**** SOURCE DATA ****
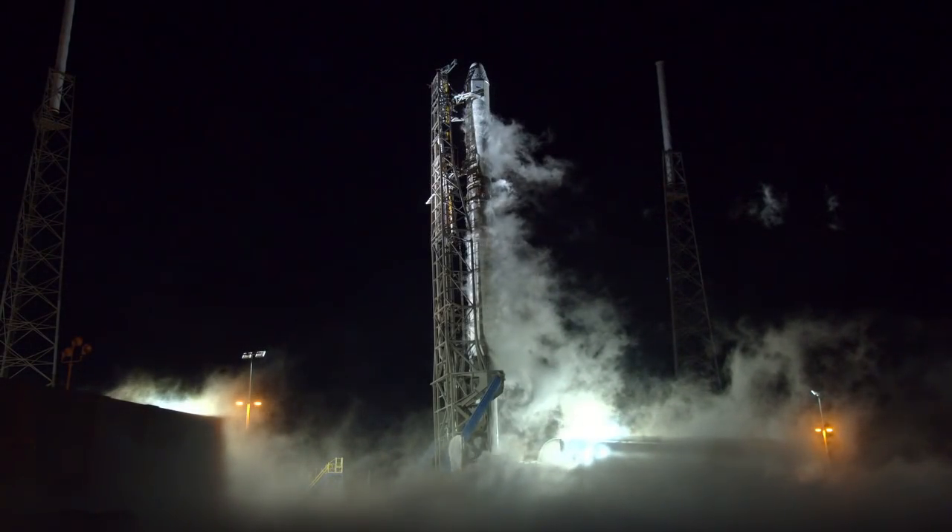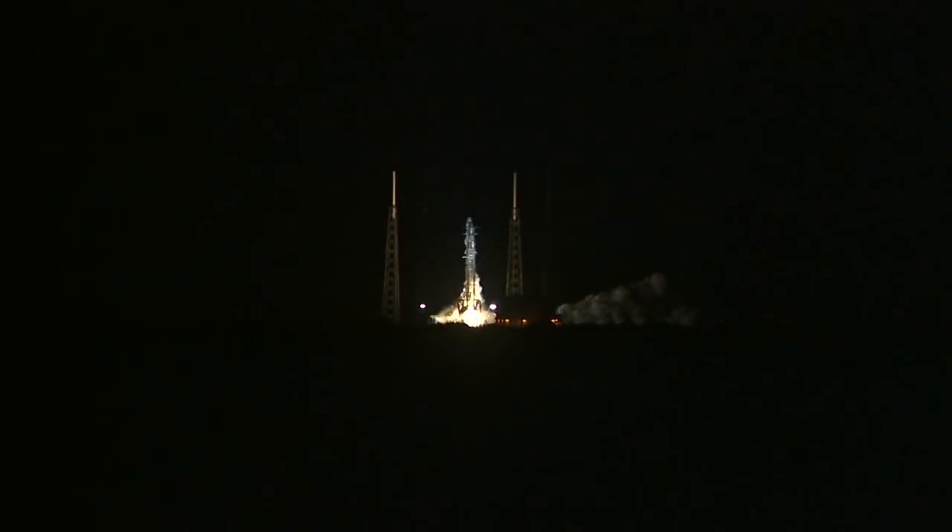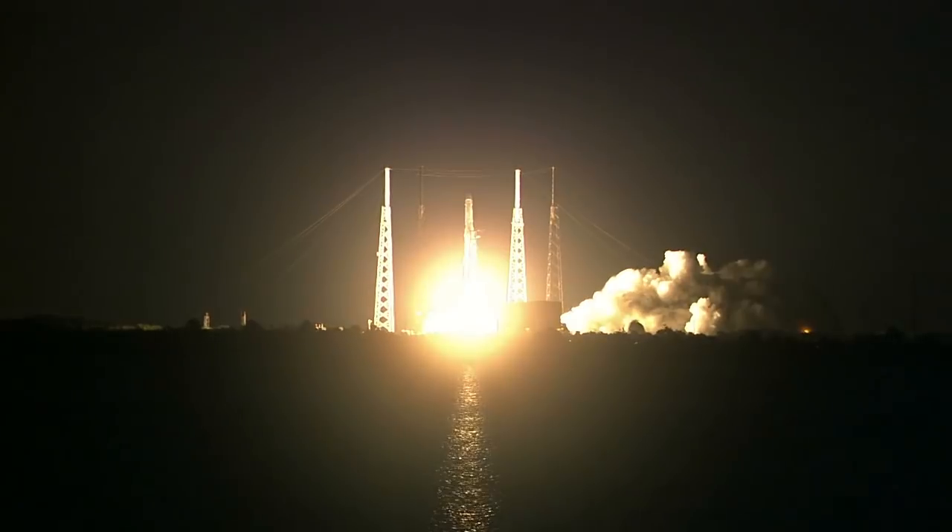T-minus 8 seconds, 7, 6, 5, 4, 3, 2, 1. We have ignition and liftoff.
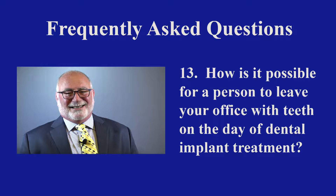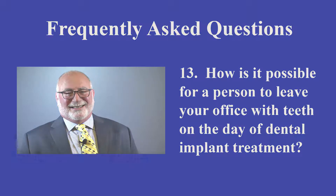How is it possible for a person to leave your office with teeth on the day of dental implant treatment? In the earlier days of implants, when people had to have a tooth or many teeth replaced, the implant would be placed — and it's not a tooth, it's a wall anchor that's in the jaw.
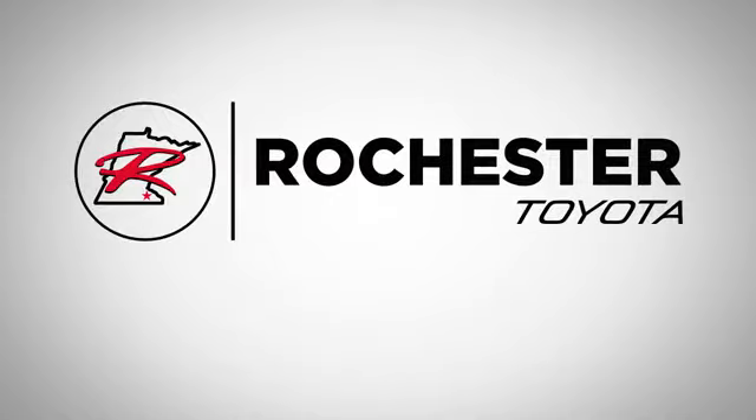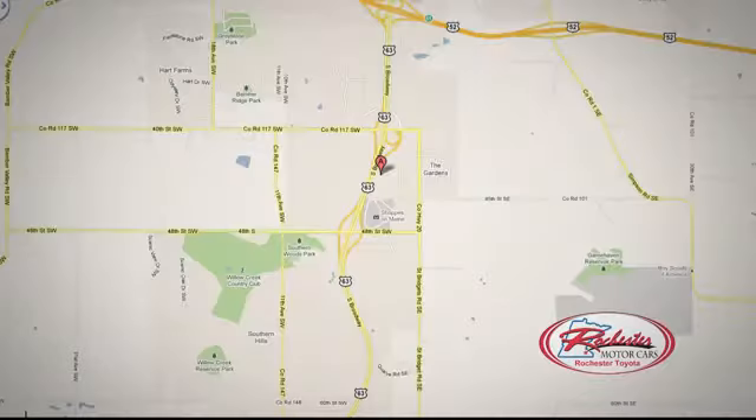They say a journey begins with one step. In this case, it begins with a test drive. Start your next adventure today.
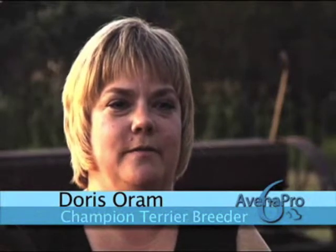In 2005, we had a show female that had pulled all of her hair out. We went to the vets and went through all of the extensive blood work, skin scrapings, and they suggested that we try the Avena Pro 6 conditioner to relieve any problems. So we ordered it in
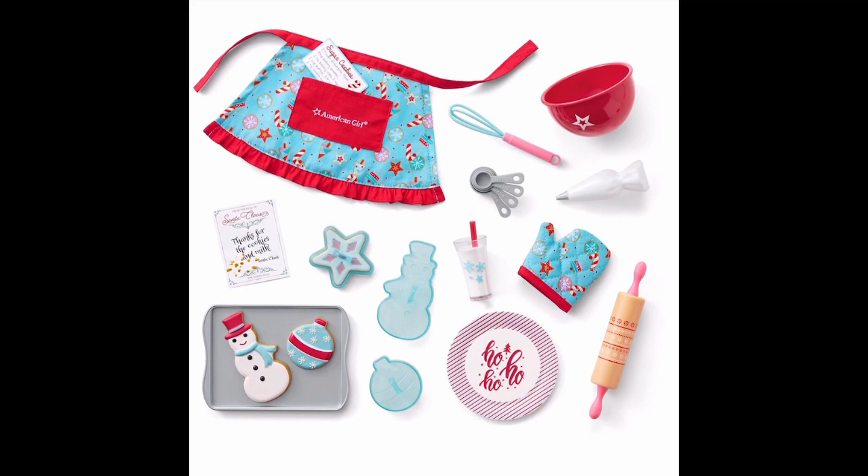Considering a similar set for Julie costs $75, I'm really tempted to get this advent calendar. Should I? Let me know in the comments.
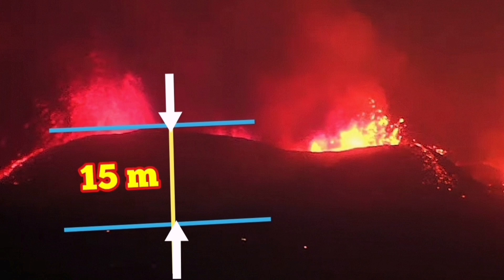You may ask how I know it is 15 meters. This is an estimate, of course. As a geologist, we are trained to do this.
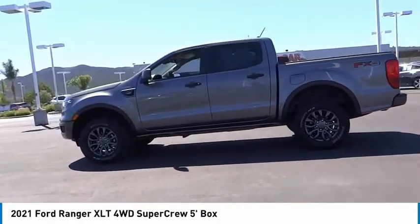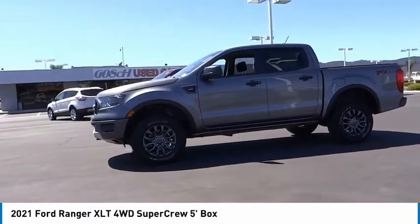If you like it online, you'll love it in your driveway. Take it for a spin today.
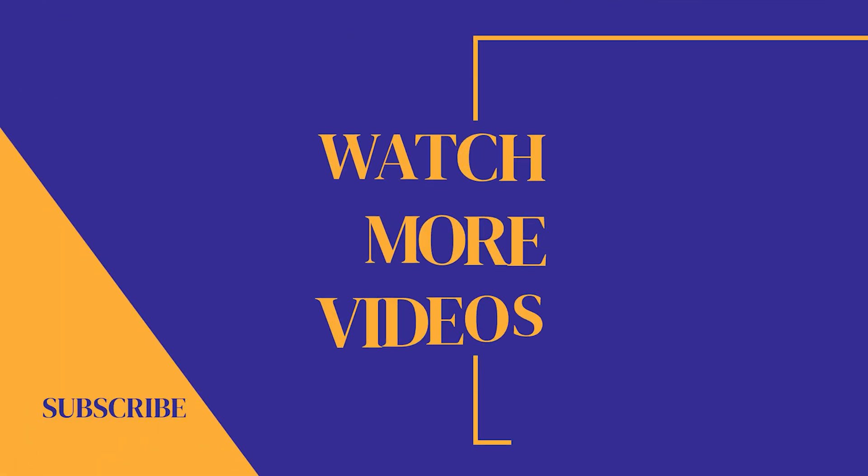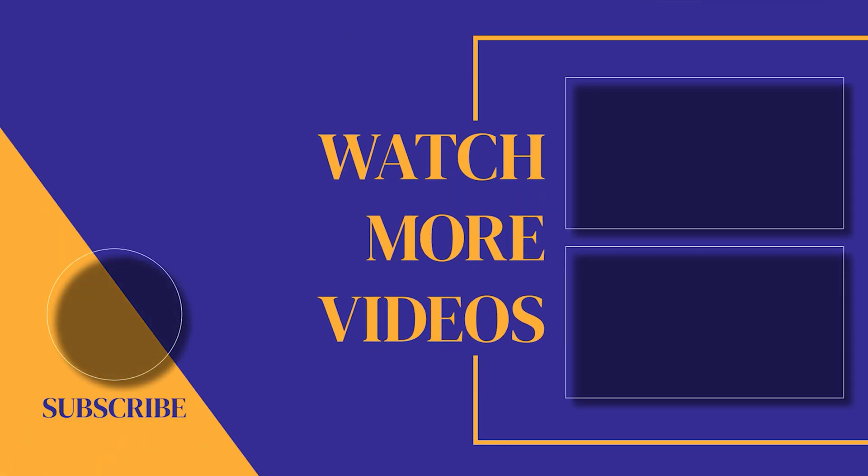If you found this video helpful, make sure you subscribe to the channel, as we post new videos every single week. If we can help with anything else, please let us know. Our customer support team is available 24/7. Thanks for watching and we'll see you soon.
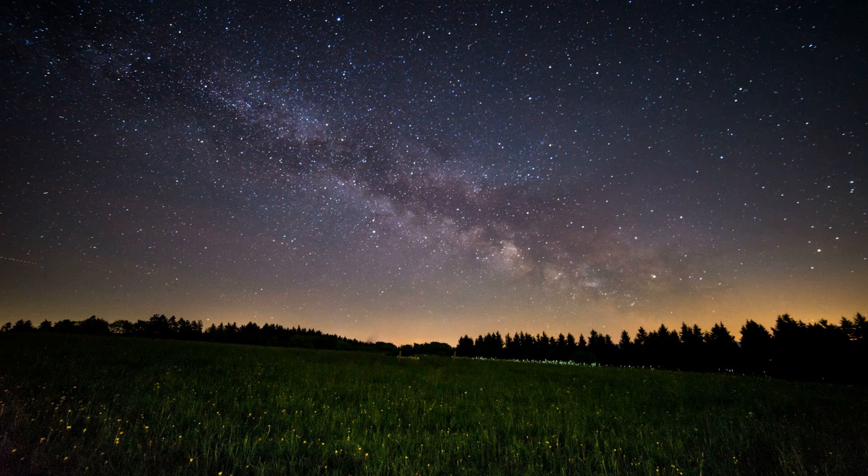Now imagine that you're resting on a cloud. The cloud is soft, fluffy, and very comfortable. On your cloud, you know that it's completely safe for you to relax and go to sleep now. Everything is going to be okay.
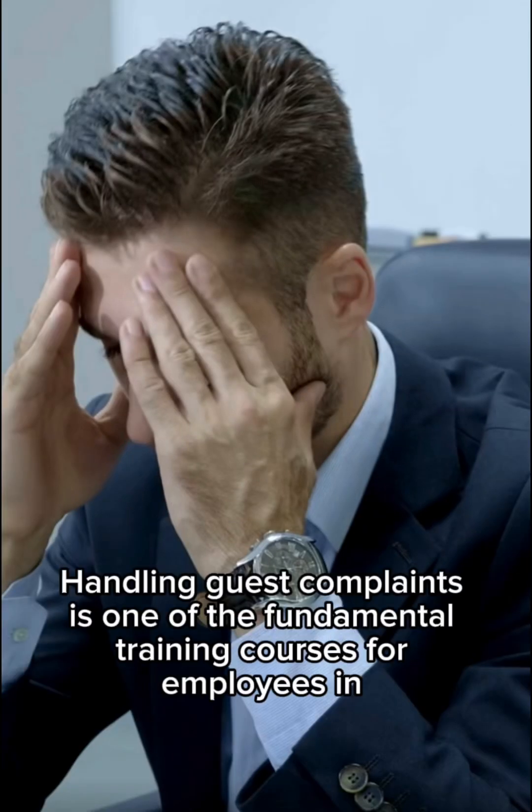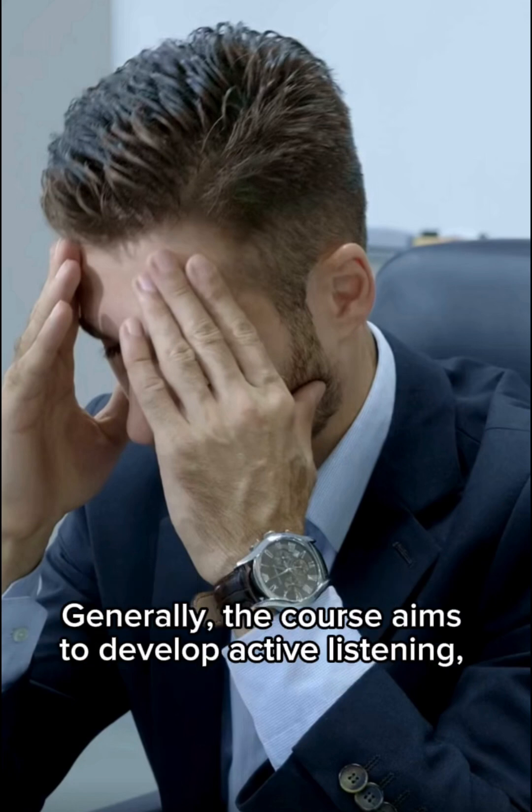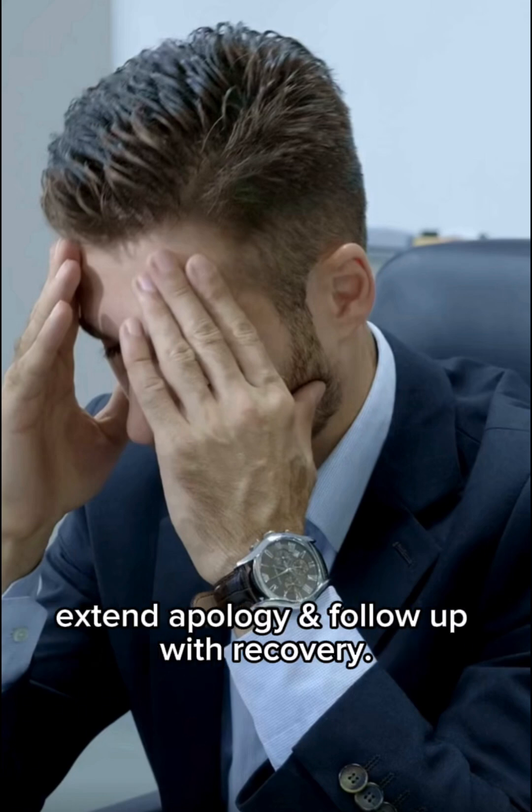Handling complaints. Handling guest complaints is one of the fundamental training courses for employees in frontline serving guests. Generally, the course aims to develop active listening, give full attention, show empathy, take notes, extend apology and follow up with recovery.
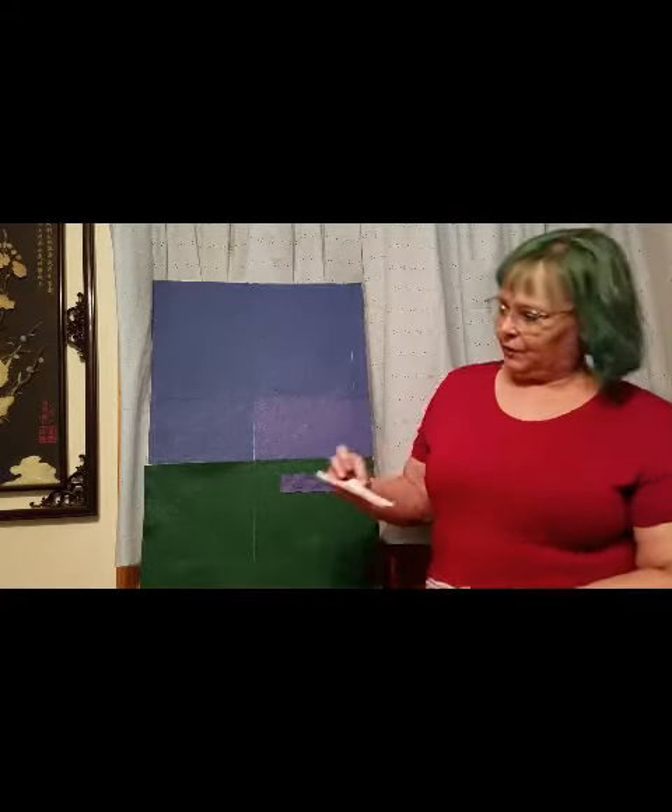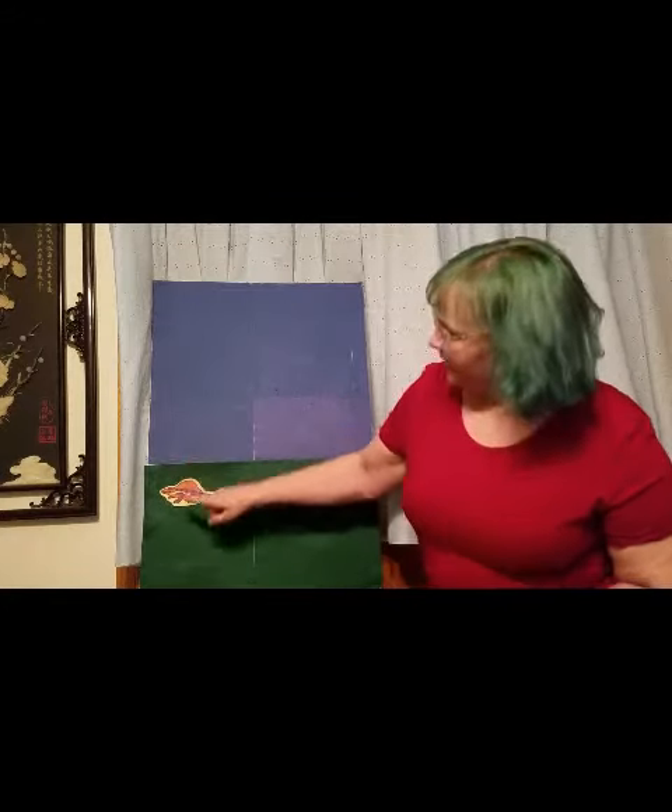Our first dinosaur is a Dimetrodon. He had a large sail on his back that helped him stay cool.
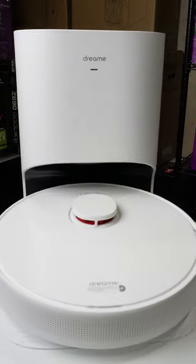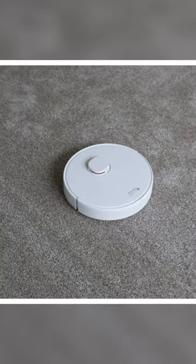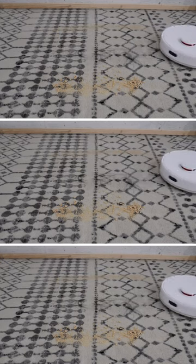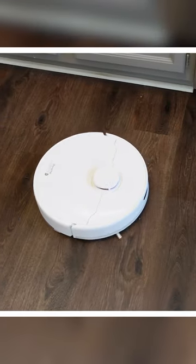The Dreamy Tech D10 Plus is a powerful and efficient robot vacuum that can provide up to 45 days of hands-free cleaning thanks to its auto-empty base station and 2.5-liter dust bag. It has max suction power of 4,000 PA, four different suction modes, and a large 5,200 mAh battery that can last for up to 180 minutes on a single charge.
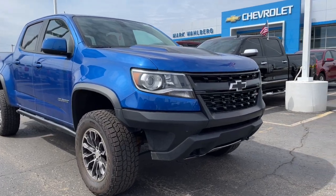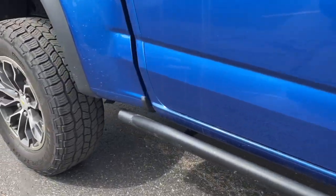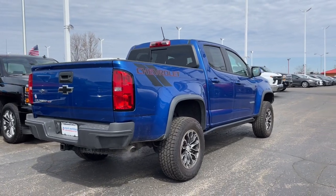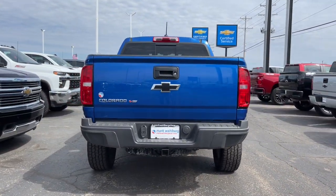Enjoy the view of this 2018 Chevrolet Colorado. This vehicle still has fewer than 30,000 miles on the clock, so it won't last long. The Chevrolet Colorado — the mid-sized pickup that makes your off-road adventures fun, safe, and comfortable.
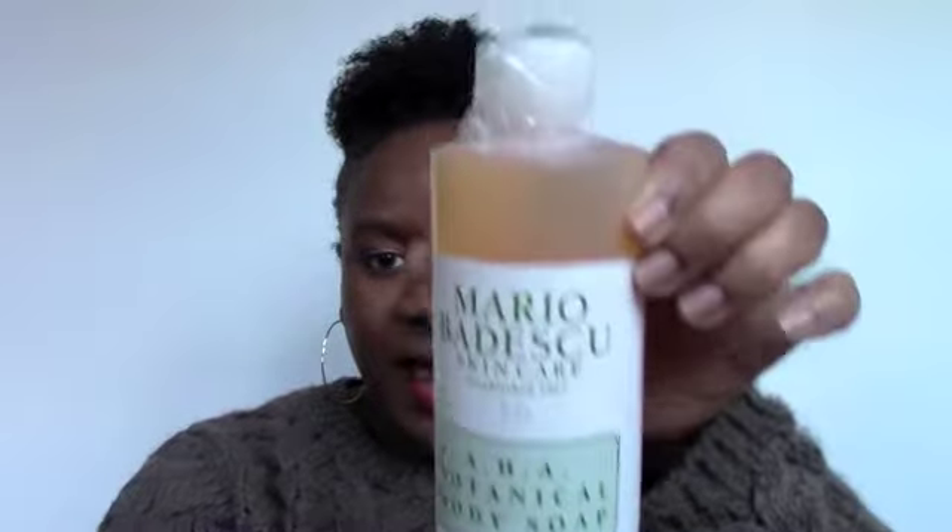I got all of this from Hot Look because they give you discounted prices. This is a botanical body soap — it's an AHA product. I haven't tried it yet, it still has the tape on it. It's supposed to be good for your skin.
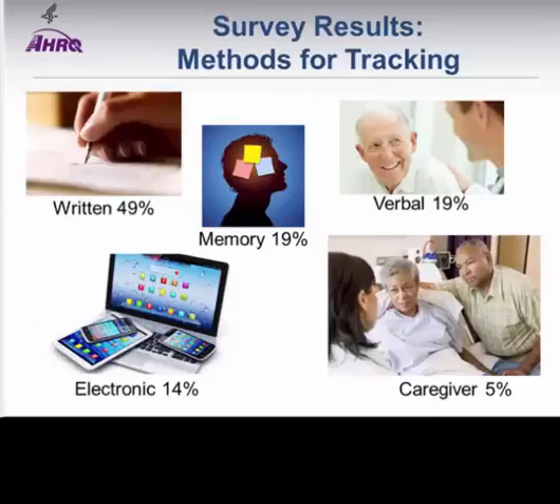We also looked at what methods people were using to keep track of information. By and large, they were using written forms if they were doing anything beyond memory, verbalizing, or relying on a caregiver. Only a small percentage used any kind of electronic means to keep track of information.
****
§ WHAT TO WORK ON
The entries are to be restated word for word, and no picture should appear in the copy.

§ REPLY TO THE TASK
T-minus 8 seconds, 7, 6, 5, 4, 3, 2, 1. We have ignition and liftoff.
How is it possible for a person to leave your office with teeth on the day of dental implant treatment? In the earlier days of implants, when people had to have a tooth or many teeth replaced, the implant would be placed — and it's not a tooth, it's a wall anchor that's in the jaw.
They say a journey begins with one step. In this case, it begins with a test drive. Start your next adventure today.
In 2005, we had a show female that had pulled all of her hair out. We went to the vets and went through all of the extensive blood work, skin scrapings, and they suggested that we try the Avena Pro 6 conditioner to relieve any problems. So we ordered it in
Considering a similar set for Julie costs $75, I'm really tempted to get this advent calendar. Should I? Let me know in the comments.
You may ask how I know it is 15 meters. This is an estimate, of course. As a geologist, we are trained to do this.
If you like it online, you'll love it in your driveway. Take it for a spin today.
If you found this video helpful, make sure you subscribe to the channel, as we post new videos every single week. If we can help with anything else, please let us know. Our customer support team is available 24/7. Thanks for watching and we'll see you soon.
Now imagine that you're resting on a cloud. The cloud is soft, fluffy, and very comfortable. On your cloud, you know that it's completely safe for you to relax and go to sleep now. Everything is going to be okay.
Handling complaints. Handling guest complaints is one of the fundamental training courses for employees in frontline serving guests. Generally, the course aims to develop active listening, give full attention, show empathy, take notes, extend apology and follow up with recovery.
Our first dinosaur is a Dimetrodon. He had a large sail on his back that helped him stay cool.
The Dreamy Tech D10 Plus is a powerful and efficient robot vacuum that can provide up to 45 days of hands-free cleaning thanks to its auto-empty base station and 2.5-liter dust bag. It has max suction power of 4,000 PA, four different suction modes, and a large 5,200 mAh battery that can last for up to 180 minutes on a single charge.
Enjoy the view of this 2018 Chevrolet Colorado. This vehicle still has fewer than 30,000 miles on the clock, so it won't last long. The Chevrolet Colorado — the mid-sized pickup that makes your off-road adventures fun, safe, and comfortable.
I got all of this from Hot Look because they give you discounted prices. This is a botanical body soap — it's an AHA product. I haven't tried it yet, it still has the tape on it. It's supposed to be good for your skin.
We also looked at what methods people were using to keep track of information. By and large, they were using written forms if they were doing anything beyond memory, verbalizing, or relying on a caregiver. Only a small percentage used any kind of electronic means to keep track of information.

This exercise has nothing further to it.